Mode

Key idea

The cluster gives you many GPUs; the framework lets them cooperate. Data parallel: same model on each GPU, different data, all-reduce gradients. Model parallel: split the model across GPUs. FSDP / ZeRO: shard both. The right choice depends on what fits — and "what fits" is the main constraint.

Data parallel (DDP). The default. Each GPU has a full copy of the model. They process different batches, then all-reduce gradients. Easy to set up, scales well for models that fit on one GPU.

FSDP (Fully Sharded Data Parallel). Shards parameters, gradients, and optimizer state across GPUs. Lets you train models that wouldn't fit on a single GPU. Built into PyTorch; DeepSpeed's ZeRO has comparable functionality.

Tensor / model parallel. Split individual layers across GPUs. Used for very large models where even FSDP is insufficient. Megatron, FairScale. Most teams don't need this.

Pipeline parallel. Run different layers on different GPUs, pipelined. GPipe, PipeDream. Useful when one model doesn't fit but a layer does.

Pick by model size

  • < 1 GPU fits: don't bother distributed — single GPU is simplest
  • Model fits, want more throughput: DDP
  • Model nearly fits: FSDP / ZeRO-2
  • Model too big for any GPU: FSDP + activation checkpointing + sometimes tensor parallel
  • Hundreds of GPUs: 2D / 3D parallelism (DDP × FSDP × pipeline)

Common pitfalls

  • Different seeds per rank → ranks diverge silently
  • Logging from all ranks → step counter inflated by world_size
  • Batch norm with global stats vs per-rank → wrong stats in distributed
  • Saving from rank ≠ 0 → race conditions, corrupted checkpoints

import torch
import torch.distributed as dist
from torch.nn.parallel import DistributedDataParallel as DDP
from torch.utils.data.distributed import DistributedSampler

def setup_ddp():
    dist.init_process_group("nccl")     # NCCL for NVIDIA, gloo for CPU
    rank = dist.get_rank()
    torch.cuda.set_device(rank)
    return rank

def train(rank):
    model = MyNet().cuda(rank)
    model = DDP(model, device_ids=[rank])
    sampler = DistributedSampler(dataset, num_replicas=dist.get_world_size(),
                                  rank=rank, shuffle=True)
    loader  = DataLoader(dataset, batch_size=64, sampler=sampler, num_workers=4)

    for epoch in range(num_epochs):
        sampler.set_epoch(epoch)           # different shuffle per epoch
        for x, y in loader:
            loss = loss_fn(model(x.cuda(rank)), y.cuda(rank))
            loss.backward()
            opt.step(); opt.zero_grad()

        # Save only on rank 0
        if rank == 0:
            torch.save(model.module.state_dict(), f"epoch_{epoch}.pt")

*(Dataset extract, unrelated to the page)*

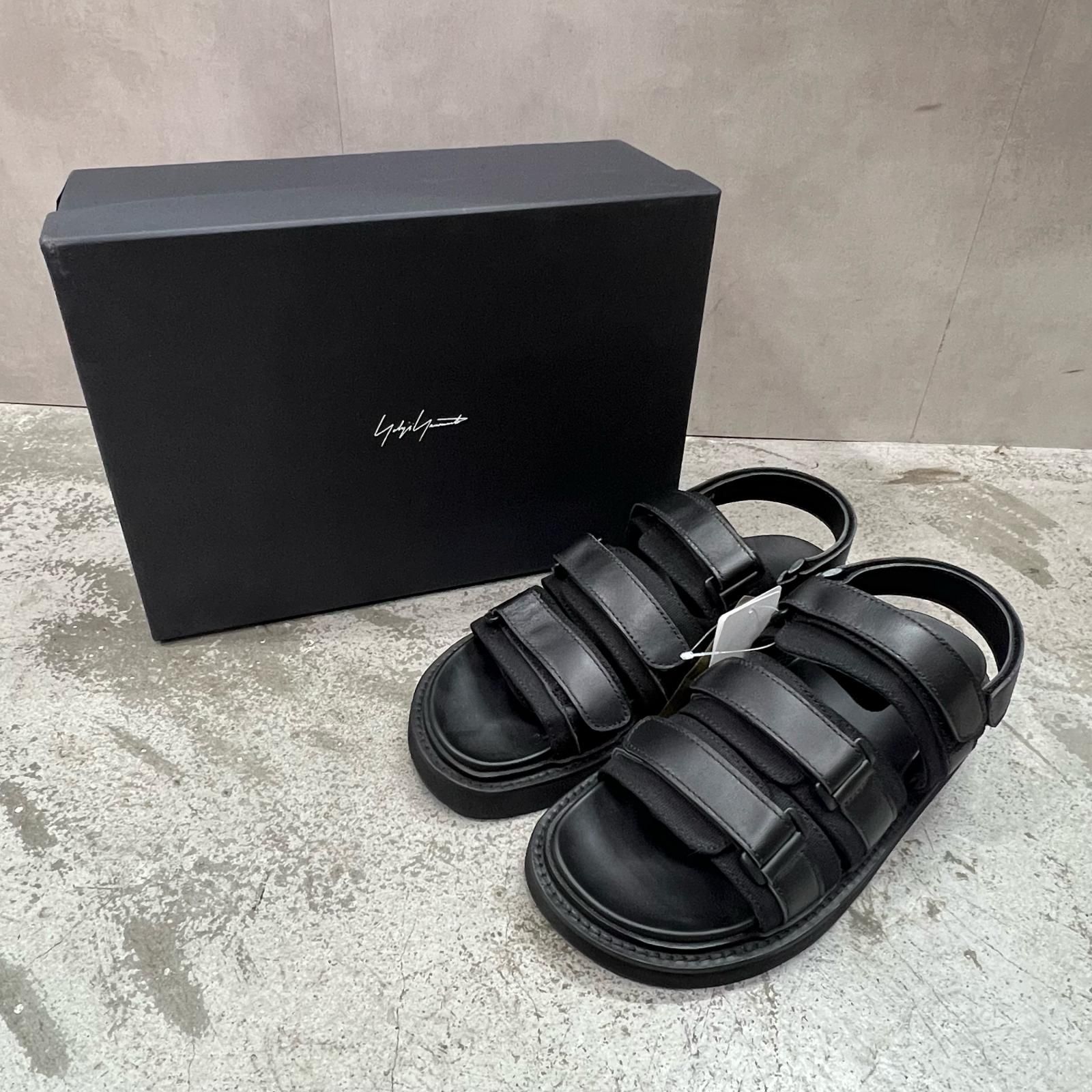 参考上代81400円 未使用 Yohji Yamamoto 25SS SHEEP/C CANVAS FOOTBED SANDAL キャンバス フットベット サンダル ヨウジヤマモト HP-E05-779 ブラック 27cm （10762M） 参考上代81400円 未使用 Yohji Yamamoto 25SS SHEEP/C CANVAS FOOTBED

# Launch: torchrun --nproc-per-node=4 train.py
Want FSDP, checkpoint sharding, & gradient communication optimisations?

FSDP memory savings

$$ \text{memory per GPU} \approx \frac{P + G + O}{W} + A $$

  • P parameters, G gradients, O optimizer state, W world size, A activations
  • Vanilla DDP: P + G + O + A per GPU
  • FSDP: divides the first three by W

$$ \text{memory per GPU} \;\approx\; \frac{\text{params} + \text{gradients} + \text{optimizer state}}{\text{number of GPUs}} \;+\; \text{activations} $$

In words. A back-of-the-envelope for how much GPU memory FSDP saves. There are four big consumers: the model parameters P, their gradients G, the optimizer state O (for Adam, this is roughly 2× the parameter count), and the activations A kept for backprop. Vanilla DDP keeps full copies of all four on every GPU. FSDP shards the first three across W GPUs (the "world size"), so each GPU only holds a fraction. Activations are not sharded by FSDP — they're per-sample, so each GPU still has its own based on its mini-batch.

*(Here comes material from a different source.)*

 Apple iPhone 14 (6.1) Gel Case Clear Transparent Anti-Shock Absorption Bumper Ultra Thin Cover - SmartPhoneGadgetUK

  • paramsP — the model weights
  • gradientsG — same shape as params, one per backward pass
  • optimizer stateO — Adam's momentum + variance (~2× params)
  • number of GPUsW — total GPUs across the cluster ("world size")
  • activationsA — intermediate tensors kept for backward; not sharded

FSDP details. Wraps your model recursively at a chosen granularity (per layer or per block). Each forward pass: all-gathers parameters for the active block, then frees them. Backward gathers again. Costs extra communication for the memory savings.

Gradient bucketing. DDP batches small gradient tensors into "buckets" before all-reducing. Reduces per-tensor overhead. Default bucket size is fine; tune for very-small or very-large models.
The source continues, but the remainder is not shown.